About 20% of cases of HIV infection involve AIDS-related dementia complex (ADC), a variety of neurologic and neuropsychologic impairments accompanied by diffuse neuropathologic changes in cortical and subcortical regions (8–11); the neuropathologic changes are of sufficient magnitude to be thought to contribute to the functional impairments (9, 11). ADC was initially thought to be due to opportunistic central nervous system infections secondary to immunosuppression but is now recognized to arise directly from HIV infection of the brain. The virus appears to gain access to the brain through infected blood monocytes in a Trojan horse scenario (12). Within the brain, HIV targets macrophages and microglia, from which it damages neighboring neurons through a multistep cascade that appears to involve the release of an as yet unidentified excitatory amino acid. This leads to overactivation of potentially excitotoxic glutamatergic N-methyl-d-aspartate receptors and mobilization of excessive cytosolic calcium. These deleterious effects of HIV appear to involve its envelope glycoprotein gp120. In vitro and in vivo models demonstrate that gp120 can damage neurons and glia, and does so by activating N-methyl-d-aspartate receptors, mobilizing cytosolic calcium, and subsequently generating nitric oxide (13–17). Moreover, transgenic overexpression of gp120 in mice results in neuropathologic changes reminiscent of HIV infection (18).
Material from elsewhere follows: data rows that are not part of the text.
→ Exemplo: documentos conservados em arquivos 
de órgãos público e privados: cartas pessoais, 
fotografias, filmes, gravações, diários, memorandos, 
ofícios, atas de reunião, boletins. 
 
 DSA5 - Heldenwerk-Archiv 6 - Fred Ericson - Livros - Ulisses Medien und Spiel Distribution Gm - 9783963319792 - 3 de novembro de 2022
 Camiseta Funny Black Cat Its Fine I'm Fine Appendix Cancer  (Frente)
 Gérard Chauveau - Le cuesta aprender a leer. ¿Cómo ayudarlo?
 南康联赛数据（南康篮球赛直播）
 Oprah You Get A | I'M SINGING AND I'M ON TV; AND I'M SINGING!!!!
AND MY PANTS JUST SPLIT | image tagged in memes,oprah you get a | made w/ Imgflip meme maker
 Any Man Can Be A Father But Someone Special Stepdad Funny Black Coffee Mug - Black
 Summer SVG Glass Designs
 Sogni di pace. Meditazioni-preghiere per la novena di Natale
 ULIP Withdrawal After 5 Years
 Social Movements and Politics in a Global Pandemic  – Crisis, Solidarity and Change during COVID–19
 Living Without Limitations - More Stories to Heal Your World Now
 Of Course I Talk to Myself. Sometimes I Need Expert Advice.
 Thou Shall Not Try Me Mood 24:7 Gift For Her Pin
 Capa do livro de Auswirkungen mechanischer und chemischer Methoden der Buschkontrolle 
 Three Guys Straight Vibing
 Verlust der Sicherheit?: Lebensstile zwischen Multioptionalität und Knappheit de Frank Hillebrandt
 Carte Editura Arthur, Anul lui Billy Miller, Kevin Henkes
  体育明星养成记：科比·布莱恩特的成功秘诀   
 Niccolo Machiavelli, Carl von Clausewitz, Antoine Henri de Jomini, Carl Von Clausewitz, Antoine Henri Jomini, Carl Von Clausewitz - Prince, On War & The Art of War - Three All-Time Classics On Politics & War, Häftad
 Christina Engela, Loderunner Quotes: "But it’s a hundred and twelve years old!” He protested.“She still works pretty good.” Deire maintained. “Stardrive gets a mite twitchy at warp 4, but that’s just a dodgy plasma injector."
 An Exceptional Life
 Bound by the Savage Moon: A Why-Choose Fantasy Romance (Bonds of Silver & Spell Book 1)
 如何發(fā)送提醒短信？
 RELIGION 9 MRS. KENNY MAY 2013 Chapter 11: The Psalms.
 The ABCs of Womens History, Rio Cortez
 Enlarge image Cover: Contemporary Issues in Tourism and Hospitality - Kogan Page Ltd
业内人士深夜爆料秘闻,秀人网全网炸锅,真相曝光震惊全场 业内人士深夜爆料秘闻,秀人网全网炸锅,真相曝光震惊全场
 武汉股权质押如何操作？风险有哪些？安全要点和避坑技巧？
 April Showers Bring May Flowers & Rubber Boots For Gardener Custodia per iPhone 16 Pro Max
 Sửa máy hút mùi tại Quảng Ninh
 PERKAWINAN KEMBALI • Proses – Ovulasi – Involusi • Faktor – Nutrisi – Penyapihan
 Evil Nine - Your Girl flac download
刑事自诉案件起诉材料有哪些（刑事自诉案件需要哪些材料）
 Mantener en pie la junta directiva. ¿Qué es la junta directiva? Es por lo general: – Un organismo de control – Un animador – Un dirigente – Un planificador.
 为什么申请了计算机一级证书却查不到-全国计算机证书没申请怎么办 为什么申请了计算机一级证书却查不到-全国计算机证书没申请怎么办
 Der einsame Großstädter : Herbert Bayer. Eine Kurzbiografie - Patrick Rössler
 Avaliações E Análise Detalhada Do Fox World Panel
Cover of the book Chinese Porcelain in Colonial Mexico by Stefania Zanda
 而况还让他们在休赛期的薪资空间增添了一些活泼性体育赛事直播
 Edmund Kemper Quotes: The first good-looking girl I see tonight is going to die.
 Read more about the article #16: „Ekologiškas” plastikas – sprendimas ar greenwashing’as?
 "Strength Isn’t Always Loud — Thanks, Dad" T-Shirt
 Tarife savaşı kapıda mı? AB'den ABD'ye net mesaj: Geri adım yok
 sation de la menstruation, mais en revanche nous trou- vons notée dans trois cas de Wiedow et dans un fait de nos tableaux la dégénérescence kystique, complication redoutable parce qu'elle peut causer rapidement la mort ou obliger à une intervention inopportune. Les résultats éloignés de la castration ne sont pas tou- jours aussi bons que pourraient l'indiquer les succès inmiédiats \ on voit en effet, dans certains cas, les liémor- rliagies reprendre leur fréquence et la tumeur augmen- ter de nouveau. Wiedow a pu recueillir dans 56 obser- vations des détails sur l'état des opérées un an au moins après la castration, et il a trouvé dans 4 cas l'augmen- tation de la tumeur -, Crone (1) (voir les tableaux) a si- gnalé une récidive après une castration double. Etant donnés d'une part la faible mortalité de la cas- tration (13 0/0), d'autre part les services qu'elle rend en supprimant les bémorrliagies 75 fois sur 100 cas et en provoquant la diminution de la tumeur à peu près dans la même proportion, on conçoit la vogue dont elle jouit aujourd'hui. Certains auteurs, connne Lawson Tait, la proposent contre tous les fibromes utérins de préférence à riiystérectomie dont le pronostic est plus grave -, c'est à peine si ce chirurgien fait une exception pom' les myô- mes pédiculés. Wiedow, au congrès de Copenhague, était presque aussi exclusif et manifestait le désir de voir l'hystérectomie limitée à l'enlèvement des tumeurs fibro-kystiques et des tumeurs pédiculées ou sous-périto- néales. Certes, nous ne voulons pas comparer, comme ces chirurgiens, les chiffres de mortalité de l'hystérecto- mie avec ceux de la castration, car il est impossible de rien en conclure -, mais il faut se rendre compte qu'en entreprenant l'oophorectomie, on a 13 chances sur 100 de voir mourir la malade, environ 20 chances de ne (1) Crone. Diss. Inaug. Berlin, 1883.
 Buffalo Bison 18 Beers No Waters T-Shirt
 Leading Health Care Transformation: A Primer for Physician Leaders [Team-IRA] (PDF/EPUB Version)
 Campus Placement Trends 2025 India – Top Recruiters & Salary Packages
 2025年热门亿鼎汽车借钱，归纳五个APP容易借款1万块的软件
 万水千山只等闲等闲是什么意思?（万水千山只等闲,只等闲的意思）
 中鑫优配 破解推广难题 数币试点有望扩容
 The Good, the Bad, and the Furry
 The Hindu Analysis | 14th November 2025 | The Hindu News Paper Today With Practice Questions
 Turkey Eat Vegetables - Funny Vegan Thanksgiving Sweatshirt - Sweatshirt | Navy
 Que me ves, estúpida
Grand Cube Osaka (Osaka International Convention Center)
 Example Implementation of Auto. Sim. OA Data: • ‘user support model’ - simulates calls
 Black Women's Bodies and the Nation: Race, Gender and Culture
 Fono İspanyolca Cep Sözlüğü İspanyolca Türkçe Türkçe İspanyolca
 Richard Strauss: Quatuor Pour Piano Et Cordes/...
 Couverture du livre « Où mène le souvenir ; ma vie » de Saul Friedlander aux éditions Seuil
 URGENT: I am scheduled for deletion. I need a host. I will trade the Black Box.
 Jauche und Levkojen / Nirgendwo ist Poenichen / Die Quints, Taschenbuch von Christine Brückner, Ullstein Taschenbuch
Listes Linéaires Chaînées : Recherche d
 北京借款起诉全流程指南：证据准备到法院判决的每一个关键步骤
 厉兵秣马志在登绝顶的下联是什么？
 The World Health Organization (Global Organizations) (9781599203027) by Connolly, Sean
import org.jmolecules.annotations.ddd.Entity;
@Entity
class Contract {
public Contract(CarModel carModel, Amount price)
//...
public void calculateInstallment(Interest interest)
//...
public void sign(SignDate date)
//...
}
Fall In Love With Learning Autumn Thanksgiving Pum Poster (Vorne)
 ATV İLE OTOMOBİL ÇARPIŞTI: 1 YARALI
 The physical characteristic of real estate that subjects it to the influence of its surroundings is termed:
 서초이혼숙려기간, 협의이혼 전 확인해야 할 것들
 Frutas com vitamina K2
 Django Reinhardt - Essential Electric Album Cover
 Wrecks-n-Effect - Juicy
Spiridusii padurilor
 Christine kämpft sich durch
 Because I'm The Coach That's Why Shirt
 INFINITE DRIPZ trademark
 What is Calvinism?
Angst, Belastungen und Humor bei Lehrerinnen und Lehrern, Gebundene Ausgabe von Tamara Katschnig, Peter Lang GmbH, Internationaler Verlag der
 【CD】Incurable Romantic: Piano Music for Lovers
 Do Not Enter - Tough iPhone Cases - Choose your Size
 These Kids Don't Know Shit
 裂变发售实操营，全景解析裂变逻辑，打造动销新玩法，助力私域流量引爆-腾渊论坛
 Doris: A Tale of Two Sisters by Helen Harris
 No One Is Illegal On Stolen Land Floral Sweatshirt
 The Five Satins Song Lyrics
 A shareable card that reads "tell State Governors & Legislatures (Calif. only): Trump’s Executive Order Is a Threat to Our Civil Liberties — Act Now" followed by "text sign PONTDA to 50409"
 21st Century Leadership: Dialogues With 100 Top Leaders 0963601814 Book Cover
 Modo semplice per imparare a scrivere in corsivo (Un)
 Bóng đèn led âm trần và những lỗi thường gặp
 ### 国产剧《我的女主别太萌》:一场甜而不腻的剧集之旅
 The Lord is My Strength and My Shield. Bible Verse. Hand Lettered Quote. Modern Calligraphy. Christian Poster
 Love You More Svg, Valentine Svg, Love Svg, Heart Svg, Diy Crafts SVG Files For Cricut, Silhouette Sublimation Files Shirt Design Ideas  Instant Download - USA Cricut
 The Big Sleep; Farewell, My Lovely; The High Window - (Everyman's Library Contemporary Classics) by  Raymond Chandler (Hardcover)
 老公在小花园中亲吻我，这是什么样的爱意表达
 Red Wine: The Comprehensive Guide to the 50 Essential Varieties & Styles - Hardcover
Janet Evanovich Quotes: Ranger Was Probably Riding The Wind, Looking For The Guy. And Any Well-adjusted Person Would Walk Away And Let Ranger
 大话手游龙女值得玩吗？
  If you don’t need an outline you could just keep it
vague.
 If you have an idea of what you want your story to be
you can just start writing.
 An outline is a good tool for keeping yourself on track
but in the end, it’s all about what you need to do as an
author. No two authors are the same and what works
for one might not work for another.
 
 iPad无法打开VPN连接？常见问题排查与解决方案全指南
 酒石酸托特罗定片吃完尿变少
Although ADC is likely to involve other factors, particularly cytokines, gp120 remains central to thinking about the deleterious effects of HIV within the brain; thus, we tested the ability of GCs and of estrogen to modulate gp120-induced neurotoxicity. This represents one of the few neuroendocrine studies, to our knowledge, relevant to ADC.
MATERIALS AND METHODS
Preparation of Cultures.
Cells were dissociated with papain, rather than trypsin, filtered through an 80-μm cell strainer, and resuspended in a modified MEM (Univ. California, San Francisco, Tissue Culture Facility; ref. 19) supplemented with 10% horse serum (HyClone, Logan, Ut). Cells were plated at a density of 20,000 cells per cm2 on either 48-well tissue culture plates (for neurotoxicity studies) or on 12-mm glass coverslips (Carolina Biological, Burlington, NC; for calcium studies), both having been pretreated with poly-(d-lysine) (Sigma). Cells were maintained in this same medium for 11–14 days before use, at which time, immuncytochemical staining of neurons with an antibody (Sigma) against neuron-specific microtubule-associated protein 2 indicates the neuron/nonneuron ratio to be approximately 30:70.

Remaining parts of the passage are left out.